The White House released its proposed budget for the 2014 fiscal year this morning, and while it gives a modest boost to Health and Human Services, it also seeks to extract more cost savings from pharmas.

If enacted by Congress, the President’s budget would make pharmas pay more in several ways, by:

  • Mandating that the Medicare Part D prescription drug program pay the lower Medicaid rates on drugs prescribed to so-called “dual eligibles,” low-income seniors who qualify for both Medicare and Medicaid. That measure would reap an estimated $123 billion in savings over a decade, according to the Office of Management and Budget.
  • Hiking Part D manufacturer discounts for branded drugs from 50% to 75% in 2015 in order to close the Part D “Donut Hole” five years early. The Affordable Care Act originally called for the coverage gap—an artifact of an inane Congressional accounting trick—to be eliminated by 2020. Jacking up discounts would save an estimated $11 billion over 10 years, says OMB.
  • Pushing generics for low-income beneficiaries by “increasing specified copayments for branded drugs from their current law level,” unless a generic substitute is unavailable, “while lowering specified copayments for generic drugs by more than 15%.” That measure would save an estimated $7 billion over 10 years.
  • Banning “pay for delay” agreements (estimated savings: $11 billion), cutting biologics exclusivity from 12 years to 7 and bar biologics ‘evergreening ($3 billion),’ clarifying the definition of brand drugs and excluding authorized generic drugs from AMP calculations on branded drugs ($8.8 billion).

The budget would also make wealthier seniors pay higher premiums for prescription drugs under the Part B and D programs, lower the Medicare growth threshold for intervention by the Independent Payment Advisory Board (IPAB) and boost Medicare and Medicaid fraud enforcement.
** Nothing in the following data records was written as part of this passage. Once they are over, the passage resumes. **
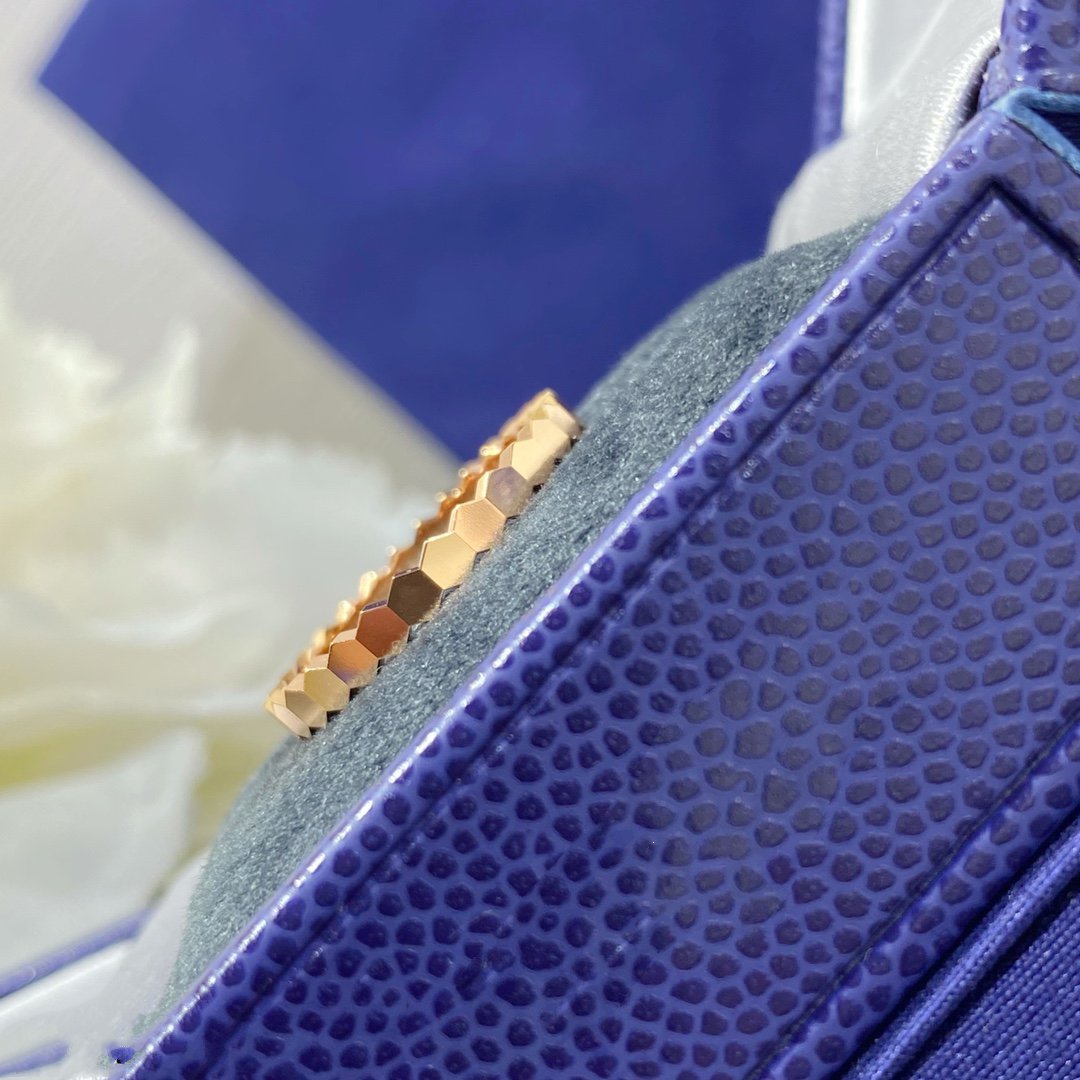 [Pearl Jewelrys]BEE LOVE SMALL RING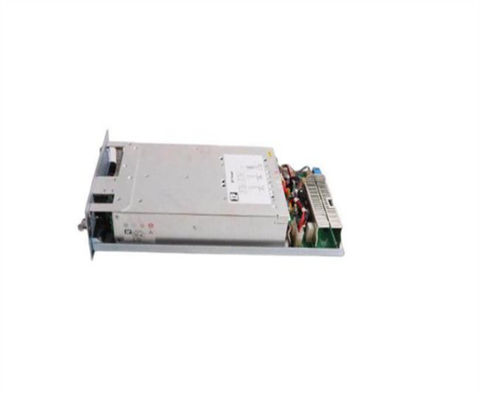 ABB Bailey P-HA-RPS-32000000 Power Supply Module Multiple Voltage Outputs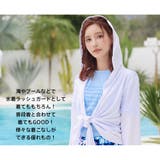 ラッシュガード レディース 水着 | HOYUKI | 詳細画像27 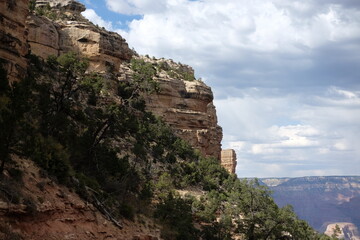 Grand Canyon - October 2024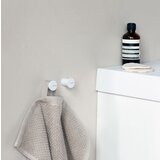 Brabantia obešalnika za brisače mindset - bela | Shoptok.si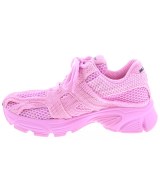 BALENCIAGA（バレンシアガ）スニーカー ピンク サイズ:23cm レディース/2200692136270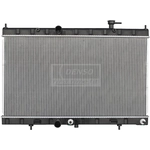 Order Radiateur by DENSO - 221-4418 For Your Vehicle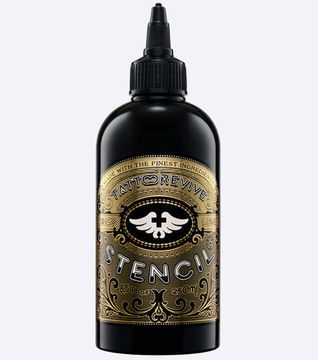 Гель для перевода Tattoo Revive Stencil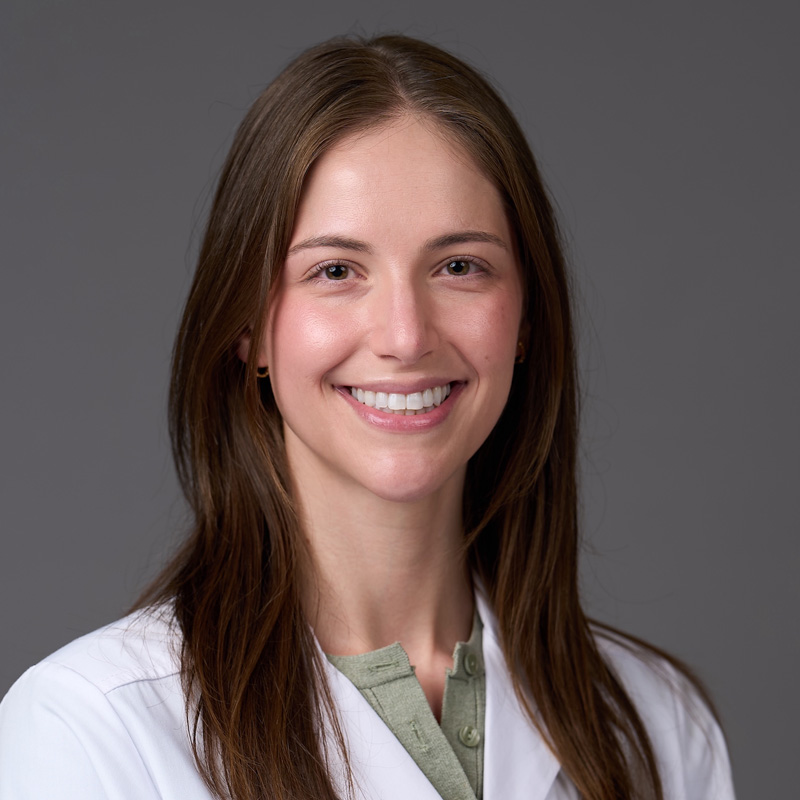 Lauren Smith, M.D.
PhRMA called the budget proposal “bad for patients, bad for innovation and bad for the economy,” and said it would undermine Medicare Part D, “a model for success,” while deterring investments in biologics R&D. The AMA, on the other hand, generally praised the budget—but blasted the provision strengthening IPAB, “which would set another arbitrary spending target and rely solely on payment cuts to reach it,” an AMA statement said.

Of course, the White House’s budget is best read as a political document rather than a serious piece of legislation—its chances of making it through Congress intact are nil, but it establishes a series of bargaining positions. Industry lobbyists will have much to say about those provisions once the horse-trading gets underway in earnest.